If we have that same cat.jpg
file locally, we can test our function like so:
def b64_image(path: str) -> str:
with open(path, "rb") as f:
return base64.b64encode(f.read()).decode()
response = prompt_llava(b64_image("cat.jpg"), "How many cats are in the image?")
print(response)
Finally, the code to deploy the model is the same:
mb.deploy(prompt_llava,
extra_files=["llava-hf"],
python_packages=["bitsandbytes==0.43.1", "accelerate==0.30.1"],
setup="load_model",
require_gpu=True)
And to call the model using Modelbit's Python API, the code would be:
response = mb.get_inference(deployment="prompt_llava",
workspace="<YOUR_WORKSPACE>",
region="<YOUR_REGION>",
data=[b64_image("cat.jpg"), "How many cats are in the image?"])
print(response)
Deploying a larger version
If you can get an A100 from Colab, you can build a larger (non-quantized) version of the model and deploy that to Modelbit!
To do so, simply remove load_in_8bit=True
in your from_pretrained
calls. Since quantized models automatically load into CUDA but default models do not, you'll also need to add .to("cuda")
to your model construction. Here's the new setup
definition:
with modelbit.setup(name="load_model"):
model = LlavaForConditionalGeneration.from_pretrained("./llava-hf", local_files_only=True).to("cuda")
processor = AutoProcessor.from_pretrained("./llava-hf", local_files_only=True)

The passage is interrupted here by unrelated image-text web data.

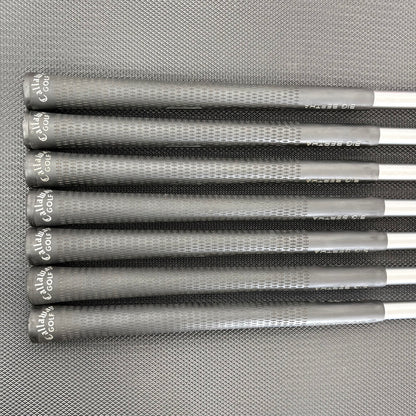 CALLAWAY X-14 IRON SET
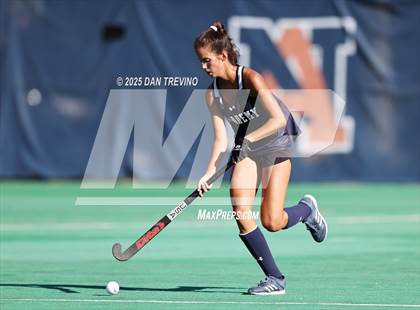 Thumbnail 1 in Hill School v Norfolk Academy (Scrimmage) photogallery.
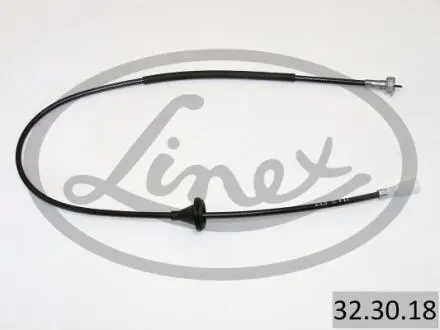 Трос спiдометра LINEX 323018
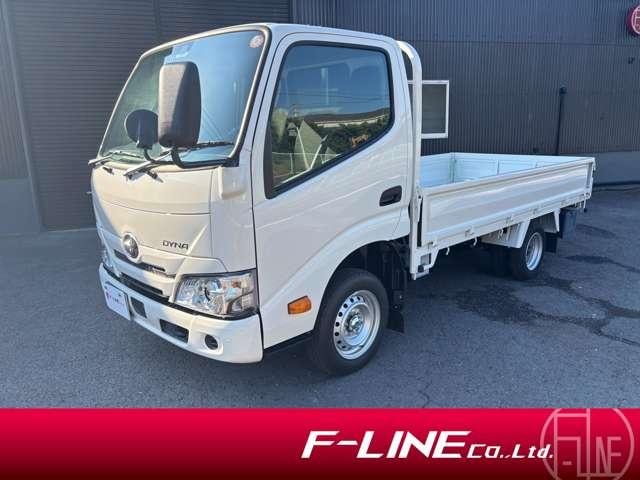 Toyota DYNA TRUCK 2026 — фото автомобиля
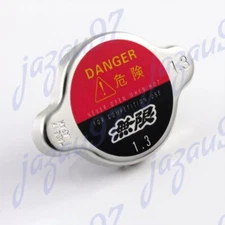 JDM MUGEN Radiator Cap 1.3kg/cm for HONDA ACURA S2000 CR-V Legend TSX RL RDX ZDX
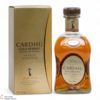 Cardhu - Gold Reserve - Cask Selection Thumbnail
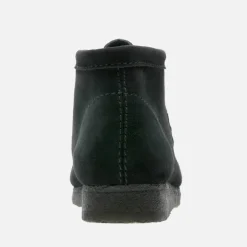 Boots|Dr. Martens Clarks Originals Men's Suede Wallabee Boots - UK 7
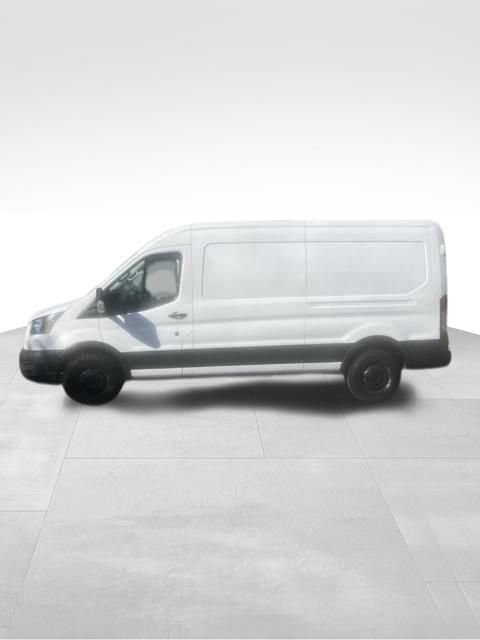 Certified 2022 Ford Transit 250 Medium Roof RWD image 4
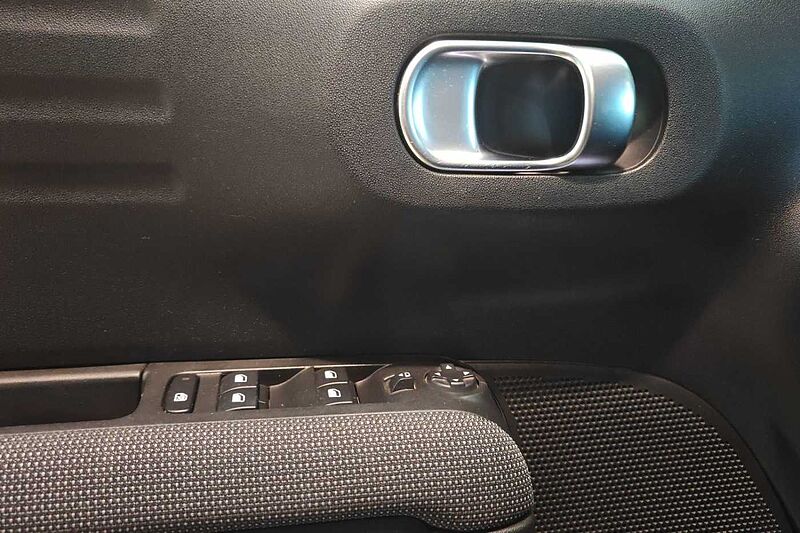 Citroen C3 Aircross 1ª s. BlueHDi 110 S&S Feel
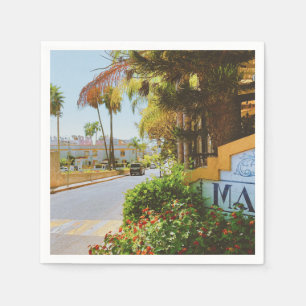 Marbella Serviette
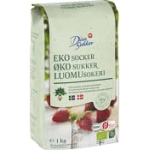 Socker Krav  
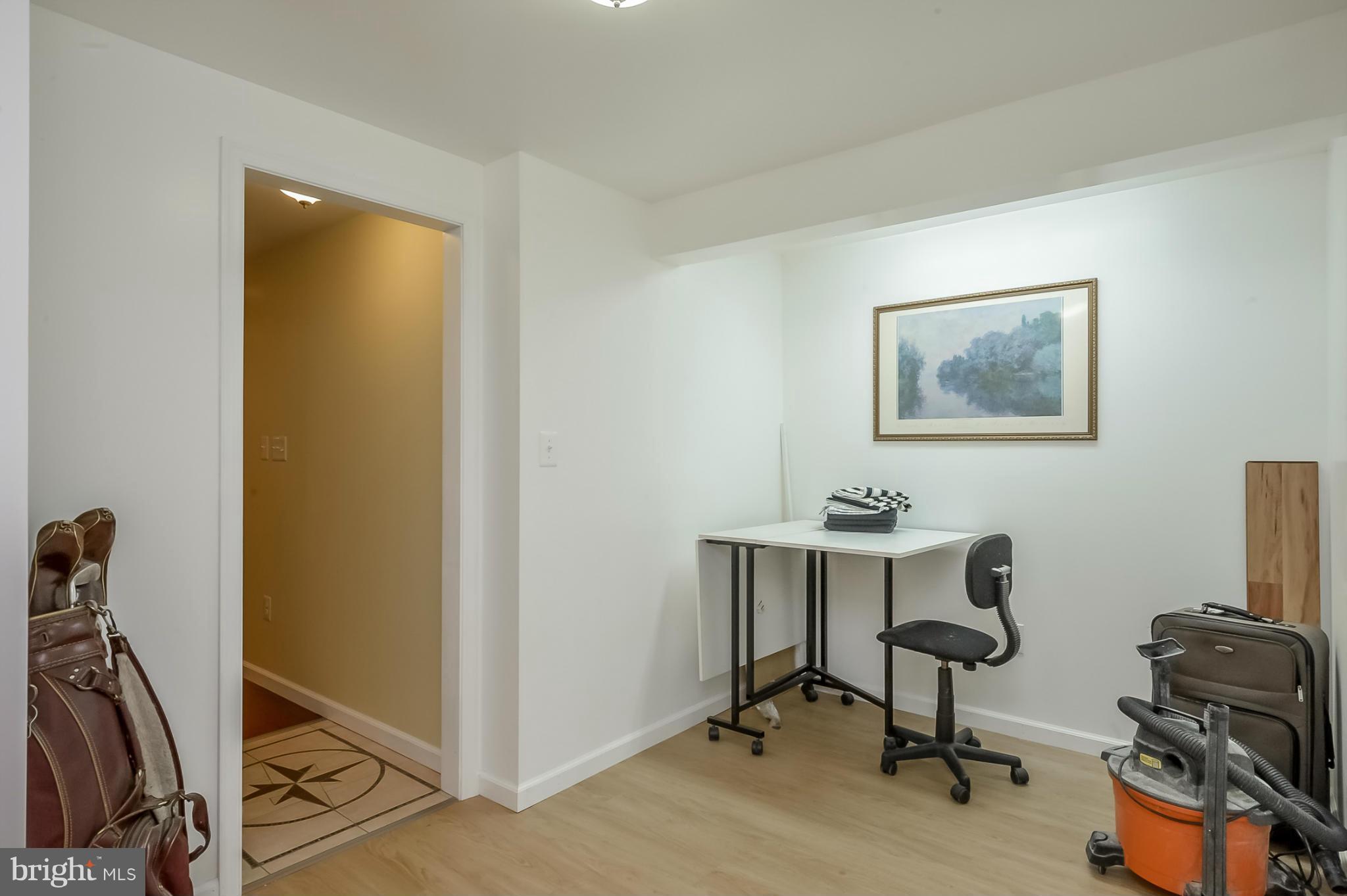 7860 Elizabeth Road Pasadena, MD 21122 - Photo 22 of 30 View of Sewing Room Downstairs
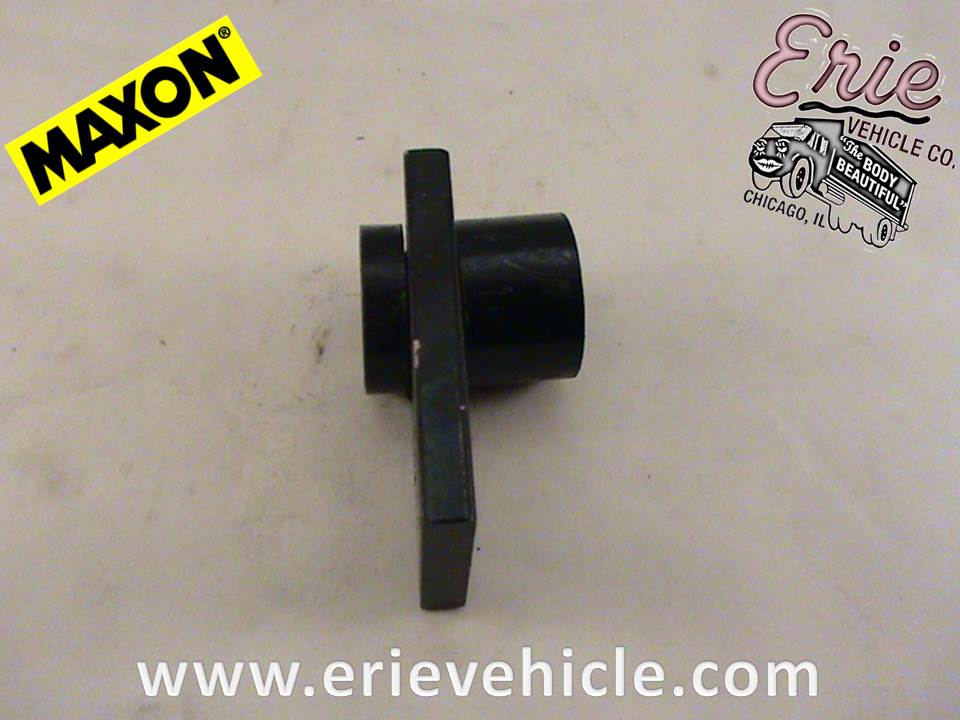 221739-02 maxon latch plate weldment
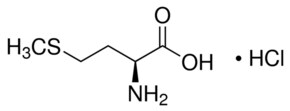 L-甲硫氨酸盐酸盐 溶液 100&#160;mM amino acid in 0.1 M HCl, analytical standard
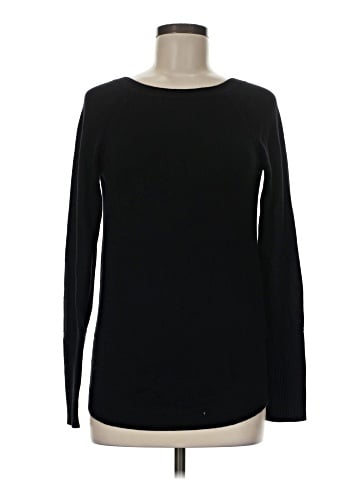 Lululemon Athletica Long Sleeve T-Shirt (view 1)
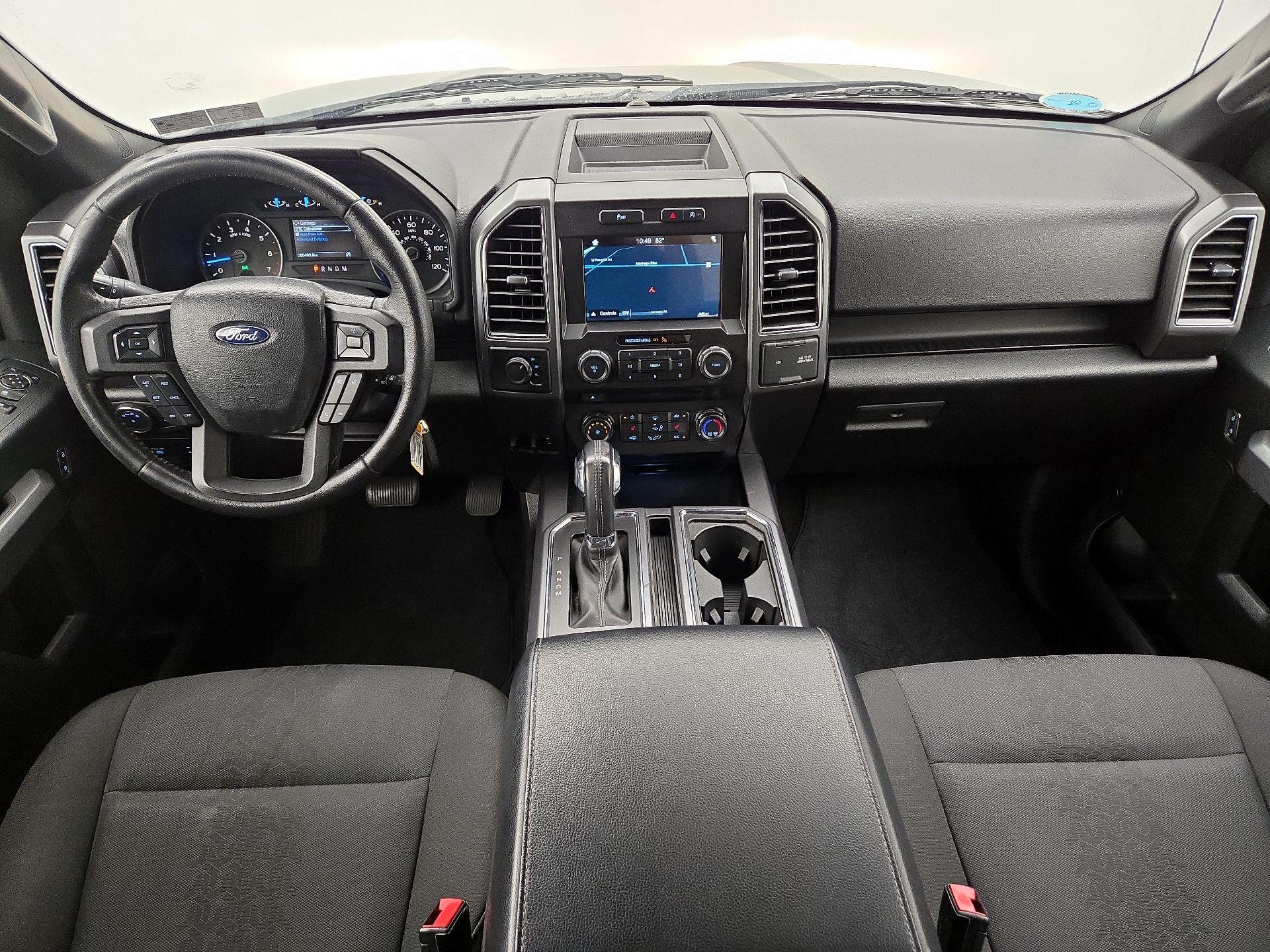 Thumbnail: 2018 Ford F-150 - 9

The inference function is unchanged. Finally, when deploying, make sure you specify a large enough GPU:
mb.deploy(prompt_llava,
extra_files=["llava-hf"],
setup="load_model",
require_gpu="A10G")
No need for accelerate
or bitsandbytes
since we're no longer quantizing.
You can now call your LLaVa model from its production REST endpoint!